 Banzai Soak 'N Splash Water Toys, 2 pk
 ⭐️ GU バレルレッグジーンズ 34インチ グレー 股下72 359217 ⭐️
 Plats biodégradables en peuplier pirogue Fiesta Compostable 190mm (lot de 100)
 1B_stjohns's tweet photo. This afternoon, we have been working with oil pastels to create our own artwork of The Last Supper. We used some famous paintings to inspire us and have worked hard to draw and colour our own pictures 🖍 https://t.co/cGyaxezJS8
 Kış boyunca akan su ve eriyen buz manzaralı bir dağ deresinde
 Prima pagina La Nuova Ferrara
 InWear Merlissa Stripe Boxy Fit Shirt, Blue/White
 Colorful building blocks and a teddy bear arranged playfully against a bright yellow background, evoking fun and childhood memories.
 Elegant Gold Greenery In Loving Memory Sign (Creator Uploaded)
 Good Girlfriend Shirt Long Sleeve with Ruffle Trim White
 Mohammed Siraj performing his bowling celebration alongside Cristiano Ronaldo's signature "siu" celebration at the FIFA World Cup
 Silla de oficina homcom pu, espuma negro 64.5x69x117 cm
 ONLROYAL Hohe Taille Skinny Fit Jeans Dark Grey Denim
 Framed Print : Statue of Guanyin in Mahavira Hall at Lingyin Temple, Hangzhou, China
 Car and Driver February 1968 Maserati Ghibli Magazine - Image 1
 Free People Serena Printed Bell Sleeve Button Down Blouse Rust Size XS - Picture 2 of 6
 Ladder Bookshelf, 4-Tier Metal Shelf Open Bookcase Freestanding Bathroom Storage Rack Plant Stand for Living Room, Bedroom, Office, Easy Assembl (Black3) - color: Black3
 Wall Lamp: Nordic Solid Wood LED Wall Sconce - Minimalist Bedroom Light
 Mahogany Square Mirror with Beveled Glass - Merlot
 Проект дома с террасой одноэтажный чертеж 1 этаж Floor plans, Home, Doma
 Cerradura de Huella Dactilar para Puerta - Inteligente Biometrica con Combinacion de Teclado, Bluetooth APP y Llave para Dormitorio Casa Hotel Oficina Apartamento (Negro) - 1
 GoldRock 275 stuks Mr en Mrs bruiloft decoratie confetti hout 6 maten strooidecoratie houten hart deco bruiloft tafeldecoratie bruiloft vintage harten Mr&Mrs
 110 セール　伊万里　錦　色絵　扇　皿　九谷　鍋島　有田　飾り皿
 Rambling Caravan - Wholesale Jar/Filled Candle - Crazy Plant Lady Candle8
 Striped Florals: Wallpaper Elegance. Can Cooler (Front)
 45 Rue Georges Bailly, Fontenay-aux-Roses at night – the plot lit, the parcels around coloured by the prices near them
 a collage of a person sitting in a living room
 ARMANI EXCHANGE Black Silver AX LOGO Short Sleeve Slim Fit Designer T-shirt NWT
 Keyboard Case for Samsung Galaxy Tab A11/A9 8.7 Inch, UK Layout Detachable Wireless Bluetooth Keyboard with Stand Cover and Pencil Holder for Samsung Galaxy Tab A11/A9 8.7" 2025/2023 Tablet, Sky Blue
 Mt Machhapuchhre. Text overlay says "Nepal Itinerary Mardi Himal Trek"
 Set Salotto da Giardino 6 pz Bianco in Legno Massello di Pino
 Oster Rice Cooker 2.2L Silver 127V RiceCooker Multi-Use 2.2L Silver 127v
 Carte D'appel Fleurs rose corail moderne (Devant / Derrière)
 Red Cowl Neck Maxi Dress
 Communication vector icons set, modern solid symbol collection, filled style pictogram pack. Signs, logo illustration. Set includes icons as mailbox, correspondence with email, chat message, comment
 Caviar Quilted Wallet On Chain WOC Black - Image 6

|---|

▶ **About this task**
From the line holding "Carte D'appel Fleurs" to the line holding "Red Cowl Neck Maxi Dress", inclusive, restate each line above exactly as written.

▶ **Response area**
 Carte D'appel Fleurs rose corail moderne (Devant / Derrière)
 Red Cowl Neck Maxi Dress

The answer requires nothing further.